Several Oakland County judges have employed draconian probationary terms on minors prosecuted for the charge of minor in possession of alcohol (MIP). A first offense MIP carries no jail. It is simply not permitted. Lawmakers drafted the law to provide a break to minors busted on a first offense. The minor may have to undergo substance abuse counseling and perform community service, but fines are nominal and the statute provides for absolutely no jail.
Nonetheless, horror stories are reported out of the Bloomfield and Rochester Hills district courts. This includes repeated attempts by certain judges to circumvent the Legislature’s policy of “no jail” for first offenses. These district court judges employ the court’s contempt powers, claiming that the minor is in contempt of court for failing to follow the court’s order.
In 2008, Judge Mark A. Goldsmith issued an order out of the Oakland County Circuit Court holding that this policy was not lawful.
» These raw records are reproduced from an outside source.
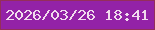 文字の大きさ：3、枠の色：942e5b、背景の色：9322a7、文字の色：f1dbed 無料ブログパーツのブログ時計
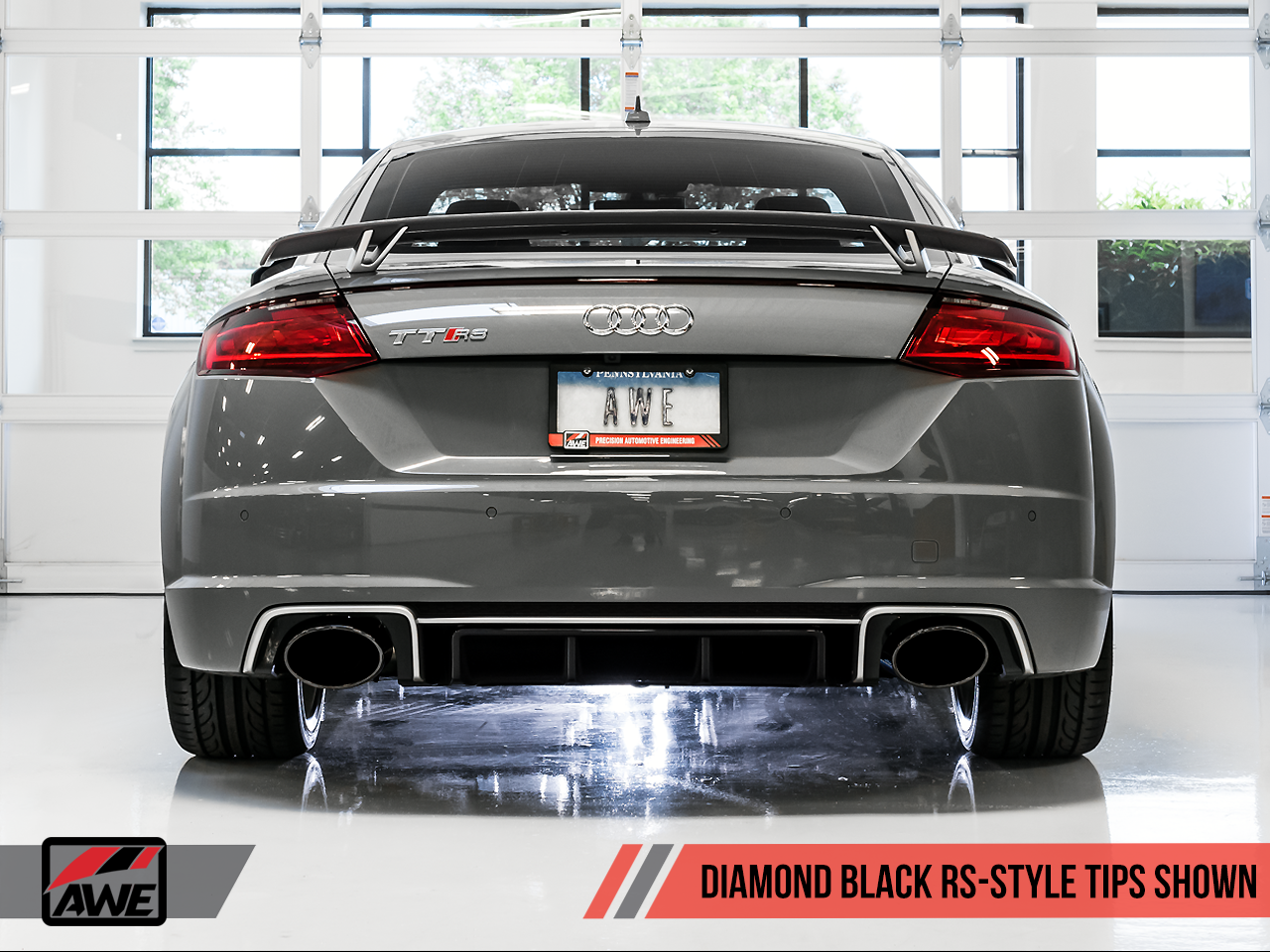 AWE Tuning Track Edition Exhaust With Diamond Black RS-Style Tips - 2018-2022 Audi TTRS - STREETUNED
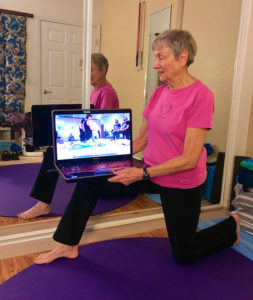 Exercising on-line with Katy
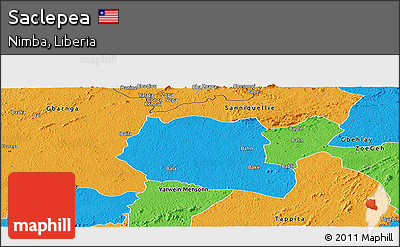 Political Panoramic Map of Saclepea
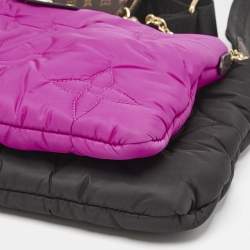 Louis Vuitton Black/Magenta Monogram Econyl Pillow Maxi Multi Pochette Accessories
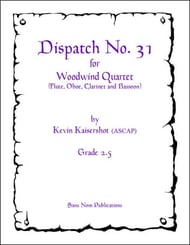 Dispatch No. 31 Woodwind Quartet cover Thumbnail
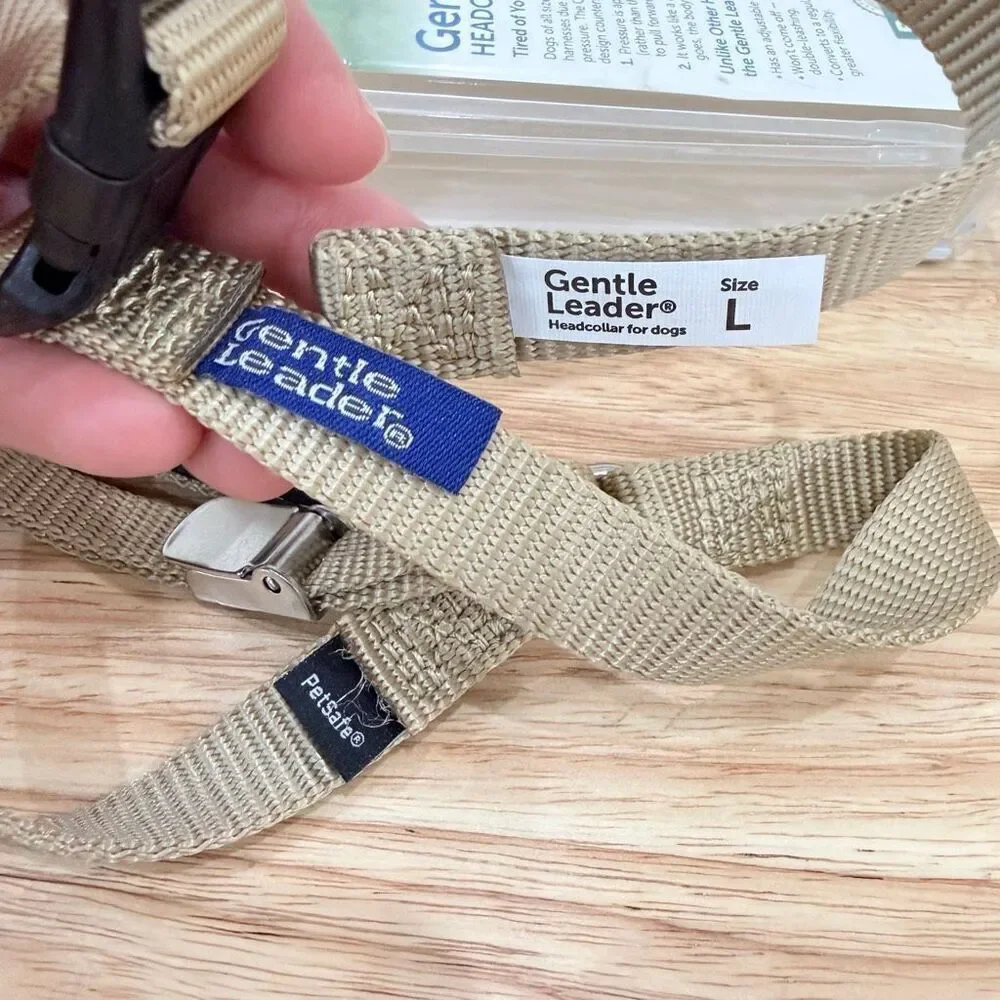 PetSafe Pet Safe Gentle Leader Headcollar Collar Large 60-130 lbs Fawn Color New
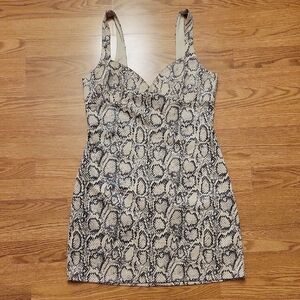 Zara Snake Print Dress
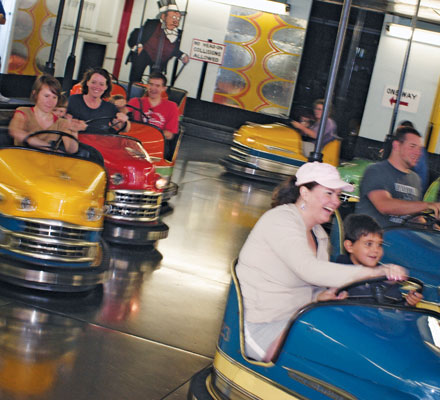 bumper cars in Cannon Beach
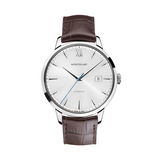 Montblanc Watch Gent 41mm Stainless Steel Alligator Leather 111580 Quartz 3 ATM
The judge held that “a probation violation in and of itself does not amount to a new crime. People v Kaczmarek, 464 Mich 478, 482-83; 628 NW2d 484 (2001) (on violating probation “the probationer is neither burdened with a new conviction nor exposed to punishment other than that to which he has already been exposed”); People v Vancil, 186 Mich App 665, 666; 465 NW2d 49 (1991) (“the sentence imposed upon a probation violation must be in accordance with the permissible sentence for the underlying offense itself”).”
The higher court’s order should have put an end to this practice, but the lower courts tried to circumvent the ruling! Ignoring the case because it was not binding in other identical cases, the judges inspired several more appeals to the Oakland County Circuit Court. In other words, these judges continued to jail minors in violation of the clear statutory language!
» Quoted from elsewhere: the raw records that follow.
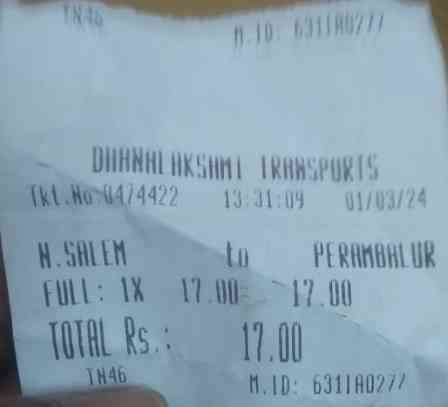 முன்னால் பார்த்தால் ஆளும் கட்சி எம்.எல்.ஏ பஸ்.டிக்கட்! பின்னால் பார்த்தால் அரசு பஸ் டிக்கட்!! பயணிகள் அதிர்ச்சி!! வைரலாகும் வீடியோ!!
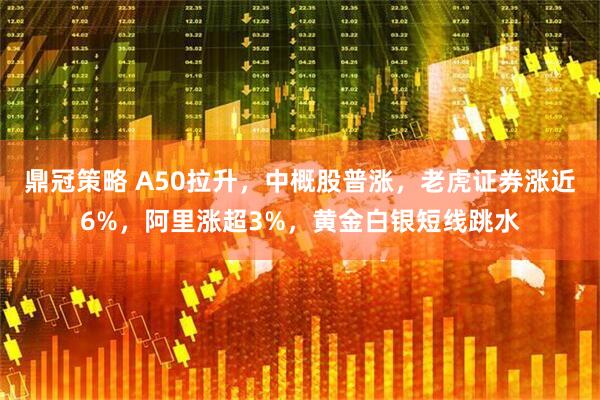 鼎冠策略 A50拉升，中概股普涨，老虎证券涨近6%，阿里涨超3%，黄金白银短线跳水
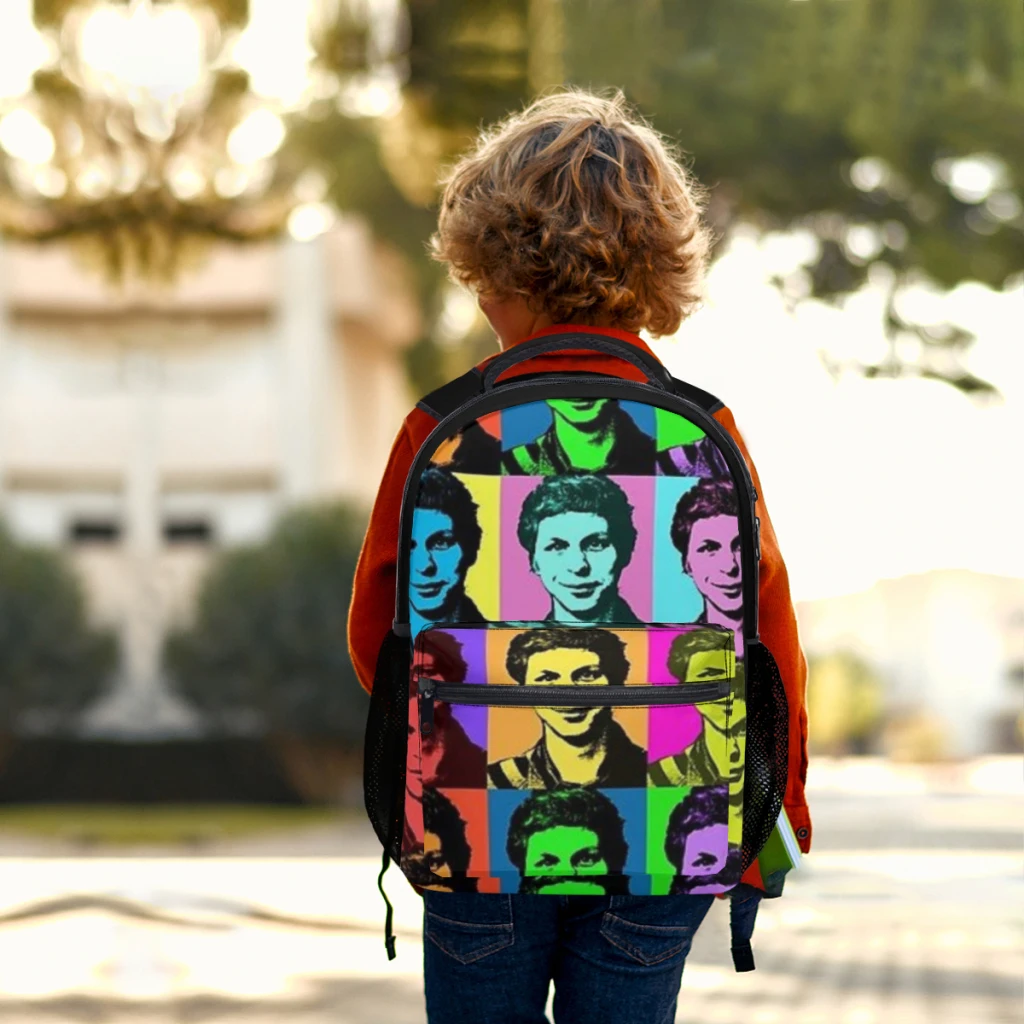 Cera Warhol Fantasy-mochila escolar impermeable de alta capacidad para niños y niñas, bolso para portátil, 17 pulgadas ﻿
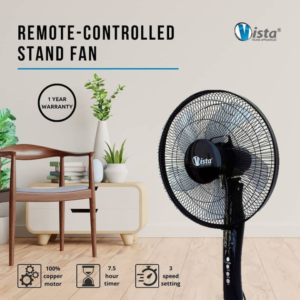 Vista Stand Fan With Remote - Image 2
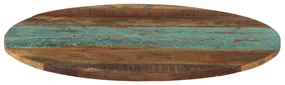 vidaXL Tafelblad rond 15-16 mm 60 cm massief gerecycled hout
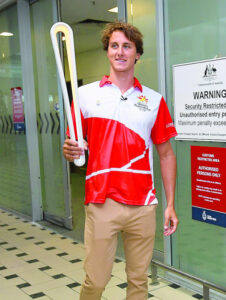 Baton starts Aussie trek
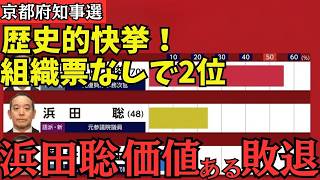 【京都府知事選】浜田聡、大健闘の2位！既成政党を脅かした「価値ある敗北」の全貌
Central in this fight, my good friend and fellow defense lawyer Jim Amberg did what came naturally to an aggressive defense lawyer: He sued ’em! The story caught wide-spread attention, and the Detroit News and Free Press ran stories on Jim’s lawsuit against the judges in April 2009. These stories can be found on Jim’s webpage, www.oaklandcountymiplawyer.com.
Jim Amberg’s lawsuit did nothing to slow these zealous judges down, however, and I watched in dismay as Jim literally worked his butt off and figuratively beat his head against the proverbial brick wall.
In the latest chapter of the “MIP War” as it been coined, the other Jim central to the fight has won a huge victory. While Jim Amberg, the young hotshot out of Bloomfield was doing his thing, Jim Williams out of Troy was fighting the judges too. Jim Williams is a “senior attorney” to use a polite phrase, and he’s another great lawyer. I would link you to his website, but he does not have one because websites aren’t drafted using quills. He can be reached at (248) 528-1111.
Jim Williams has been fighting the Bloomfield judges for 3 years on the MIP War, and a few days ago he received a big fat victory. The Michigan Court of Appeals (which is higher than the Oakland County Circuit Court that issued the prior 2008 order) held that a first time offender for MIP cannot be placed on probation! A copy of the decision is available on-line here.
I am sure that this is frustrating to the district court judges who want to put kids in jail. Minors will continue to experiment with alcohol, and I am sure that these judges felt that their hawkish policies would serve as a deterrent to other kids. Unfortunately, high schoolers are largely oblivious to local district court practices, and the word never got out to them. These judges may have thought also that their illegal jail sentences might serve as a wake-up call to kids who violated probation. Early intervention is always key to substance abuse problems, after all. Nonetheless, these judges forced the issue to the Court of Appeals, and these judges were proven wrong. Let’s hope the judges follow the Court of Appeals ruling.
Kudos to the two Jims for their remarkable efforts. They are both truly Constitutional Warriors!